Munzer:   Octavian and Carmen are quite long.

BD:   The whole weight of the opera rests on your shoulders.

Munzer:   Yes, it does.  I feel much better doing them in a large house.

BD:   You don’t feel you lose any intimacy having a larger audience?

Munzer:   That’s very hard to say.  My third professional engagement was the Metropolitan Opera, so that is my home.  Therefore, I learned an awful lot of what I know now from the Met.  That stage is what I compare to every other stage, and is what I feel at home with.  So, I prefer the larger stage and the larger hall.

BD:   But you like also working with smaller halls and smaller audiences?

Munzer:   Yes, I do.

BD:   I would assume that as long as you enjoy what you’re doing in almost any environment, then you can bring the role across.

Munzer:   [Thoughtfully]  Well, it depends on the opera.  With an intimate opera like The Italian in Algiers, really to get all the nuances for the audience, it must be intimate.  Also for the Mozart operas, it really has to be an intimate stage.

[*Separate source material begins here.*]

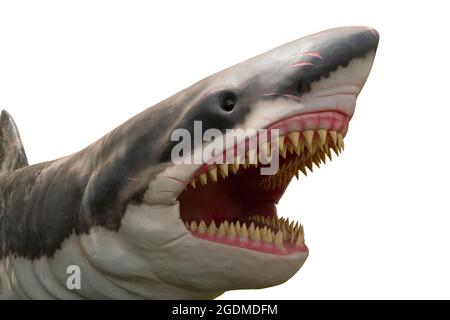 Ancient megalodon isolated on white background. Prehistoric beast lived into ocean Stock Photo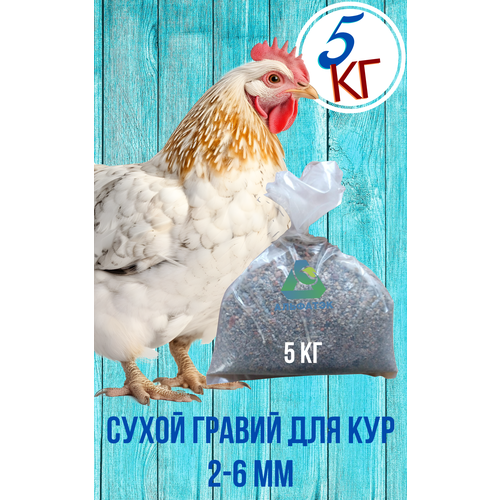 Сухой гравий 2-6 мм для кур, мешок 5 кг фотография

BD:   A couple of times now you have said
The Italian in Algiers.  Being a liberated woman, do you think Isabella would have preferred that rather than The Italian Girl in Algiers?

Munzer:   [Laughs]  Oh dear, that was rather Freudian, wasn’t it?  I don’t know.  I don’t think she would have quibbled with it.  Her scope is large.

BD:   What other Rossini have you done?

Munzer:   I just got done performing Cenerentola in Dallas.  What a marvelous role that is.  But then again, Cinderella was a one-dimensional character.  She would be out of character going too far beyond the fairy tale.

BD:   Isabella is much stronger and much more complex?

Munzer:   Yes.  In Cenerentola, I was always at the mercy of the other characters.  Here, the other characters are at the mercy of Isabella.

BD:   Do you think Isabella would have enjoyed living in the 20th century, and be fighting for the E.R.A. [Equal Rights Amendment]?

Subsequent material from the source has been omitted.